When I decided to revive Galaktika more than 10 years ago, I went to the leader of one of the most respected literary agencies, to ask for his advice how to get permissions for the stories we plan to publish in the magazine in the future. I had no experience at all in this respect.

Our conversation had a very friendly atmosphere, the leader of the agency was happy that such an aknowledged magazine was revived. Finally we had a verbal agreement, that – as we plan to have a serious book publishing activity as well – we can consider short stories in Galaktika sort of an advertisement in which authors are introduced to Hungarian readers, so that we could publish their novels afterwards. The money we would pay for the rights for the novels contains the price of short stories. So agencies don’t have to deal with rights of short stories for $10 which is as much work as to get the rights of a $1000 novel. During this conversation it became obvious that agencies don’t want to deal with $10-20 so I didn’t want to bother the others with similar requests. Of course in case of longer stories and novels we made contracts.

I hope that it is obvious now that there were no intentional stealing at all, as we made an agreement in time for the use of stories. Now I regret that it was only a verbal agreement, but at that time we both acknowledged it.

Mr. Burger’s statement, unfortunately, seems to be at odds with what Griefcom knows of the situation, and fails to identify the “leader of one of the most respected literary agencies” that he claims gave him blanket permission to not notify or pay dozens of authors.
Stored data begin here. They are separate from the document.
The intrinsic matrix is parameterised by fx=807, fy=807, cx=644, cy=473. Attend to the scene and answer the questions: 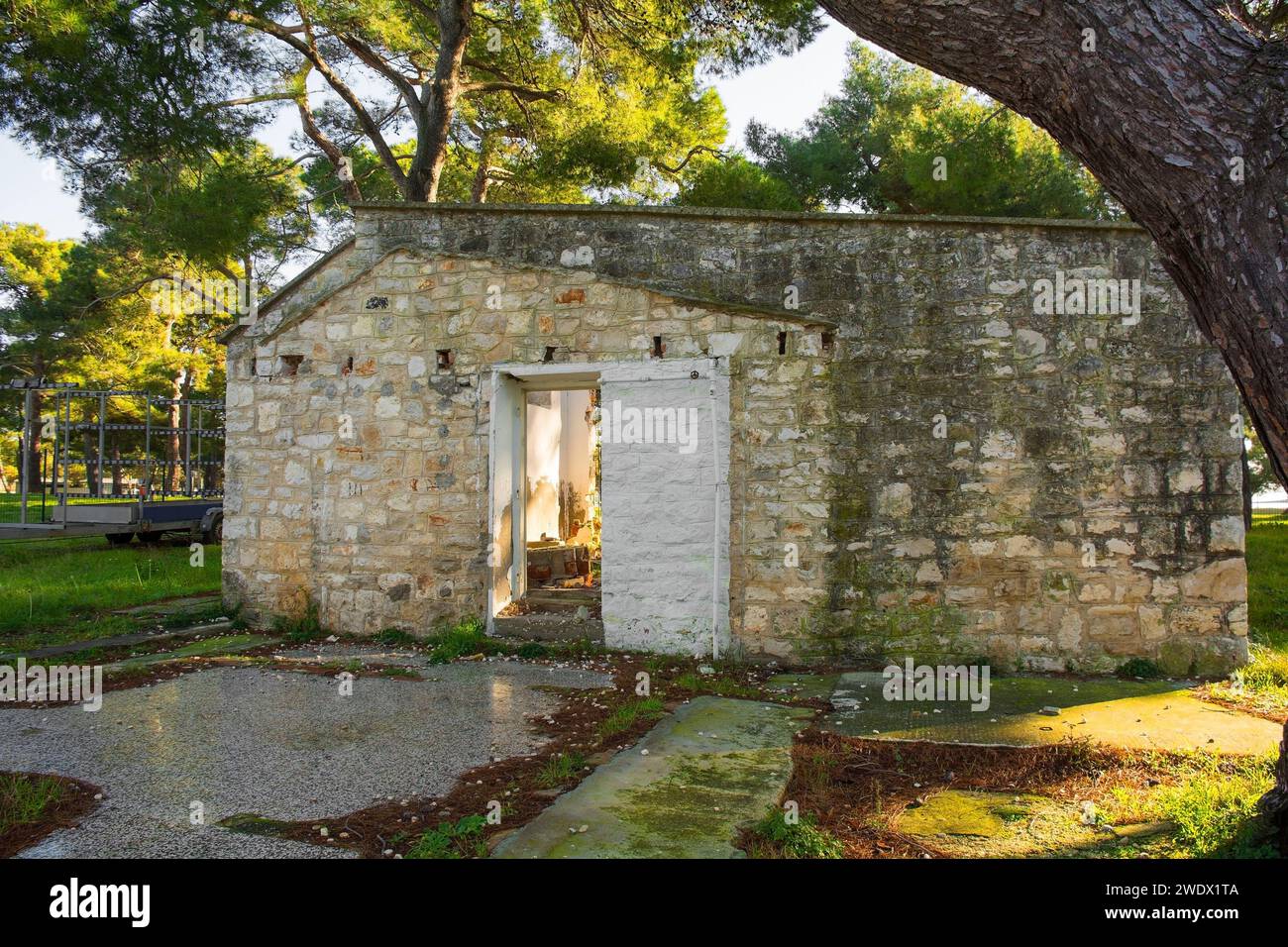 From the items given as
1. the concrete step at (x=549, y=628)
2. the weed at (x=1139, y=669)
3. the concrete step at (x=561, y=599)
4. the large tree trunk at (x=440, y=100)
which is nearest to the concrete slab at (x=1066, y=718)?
the weed at (x=1139, y=669)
SFWA has refrained from comment so far due to hopes that Galaktika would resolve outstanding issues, but so far this has not been the case. It has taken the Hungarian agency representing one leading U.S. agency months to arrive at an agreement with Galaktika calling for a per-story fee of $75 covering 37 stories by 16 authors; this agreement was finally signed by István Burger on 7th September 2016, and apparently the money is on the way to the Hungarian Agency.  Meanwhile, the same agency is still working on finding a satisfactory arrangement with other clients whose authors are involved, although no other agreement is in the works yet (as of mid-September 2016). Some clients of the Hungarian Agency reportedly are inclined to give Galaktika a post-publication license; others want to review legal options that their own clients can undertake; others are working with other U.S. agents to explore a possible collective response.

SFWA formally recommends that authors, editors, translators, and other publishing professionals avoid working with Galaktika until the magazine has demonstrated that existing issues have been addressed and that there will be no recurrence. Authors should check to determine whether or not their works have been published by Galaktika on the magazine’s website at http://galaktikabolt.hu/galaktika/page/6/. SFWA recommends that members work with their agents and publishers to address the issue before passing it to Griefcom. At the moment SFWA has three active grievances against Galaktika (plus a fourth which the Grievance Committee cannot act upon since the author has not supplied necessary information).

SFWA is saddened by the need for this statement, given Galaktika’s once good reputation.  Back in its glory days between 1972 and 1995, the former incarnation of Galaktika at its peak sold 94,000 high-quality copies in a country of 10 million people, compared with 120,000 copies of Analog in a United States with twenty times as many inhabitants.